Directional data are given as a set of vectors on the unit sphere \({\mathcal {S}^{d-1}}\) for some \(d\ge 2\). The vector \(x=(x_1,\dots ,x_d)^T\in {\mathcal {S}^{d-1}}\) can be represented as a point on the surface of \({\mathcal {S}^{d-1}}\). For x in Cartesian coordinates, a representation in angular coordinates for arbitrary d is given in [26].

For \(d=3\), we use the usual notation for spherical coordinates

$$\begin{aligned} x=x(\phi ,\theta )&=\begin{pmatrix} \sin {(\theta )}\cos {(\phi )}\\ \sin {(\theta )}\sin {(\phi )}\\ \cos {(\theta )} \end{pmatrix} \end{aligned}$$
(11)

with co-latitude \(\theta \in [0,\pi ]\) and longitude \(\phi \in [0,2\pi )\). A random vector \(X\in \mathcal {S}^2\) can be represented in spherical coordinates by random variables \(\Theta \) and \(\Phi \) with realisations \(\theta \) and \(\phi \).

2.5 Statistical Depth Functions

Depth functions are applied in multidimensional non-parametric robust data analysis and establish an ordering relation between vectors. See [10] for a detailed introduction.

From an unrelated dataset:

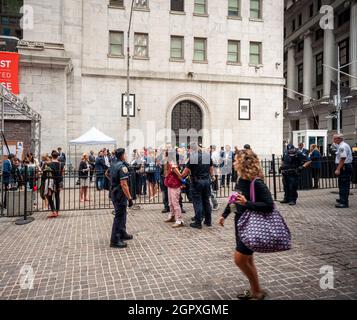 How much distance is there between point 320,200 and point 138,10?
18975 millimetres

The literature gives several depth functions, for instance, halfspace depth [27], simplicial depth [28], projection depth [29], spatial depth [30], or the Mahalanobis depth [10]. For defining a depth for directional data, we initially restrict attention to the class \(\mathcal {F}_\mu \) of distributions on \({\mathcal {S}^{d-1}}\) with a bounded density that admits a unique modal direction \(\mu \). Examples of distributions in \(\mathcal {F}_\mu \) are the von Mises–Fisher distribution, the Kent distribution, or the Bingham distribution [22]. We further assume that \(\mu \) coincides with the Fisher spherical median [31], that is,

$$\begin{aligned} \mu = \arg \min _{\gamma \in {\mathcal {S}^{d-1}}}E(\arccos (X^T\gamma )). \end{aligned}$$

Ley et al. [16] adapted the definition of a depth function given in [10, Definition 2.1] for directional data as follows.

Definition 1

A statistical depth function on \({\mathcal {S}^{d-1}}\) is a bounded, non-negative mapping \(\mathcal {D}_\cdot (\cdot ): \mathcal {F}_\mu \times {\mathcal {S}^{d-1}}\rightarrow \mathbb {R}\) satisfying

  1. 1.

    \(\mathcal {D}_{F_{AX}}(AX)=\mathcal {D}_{F_{X}}(X)\) holds for any random vector \(X\in {\mathcal {S}^{d-1}}\) and any rotation matrix \(A\in \mathbb {R}^{d\times d}\).

  2. 2.

    \(\mathcal {D}_F(\mu )=\sup _{y\in {\mathcal {S}^{d-1}}}\mathcal {D}_F(y)\) holds for any \(F\in \mathcal {F}_\mu \).

  3. 3.

    For any \(F\in \mathcal {F}_\mu \), \(\mathcal {D}_F(x)\le \mathcal {D}_F(c(\alpha ))\) for the unique geodesic \(c:[0,1]\rightarrow {\mathcal {S}^{d-1}}\) with \(c(0)=\mu \), \(c(1)=x\) and \(\alpha \in [0,1]\).

  4. 4.

    \(\mathcal {D}_F(-\mu ) = 0\) for each \(F\in \mathcal {F}_\mu \) where \(-\mu \) is the antipodal point of the centre \(\mu \).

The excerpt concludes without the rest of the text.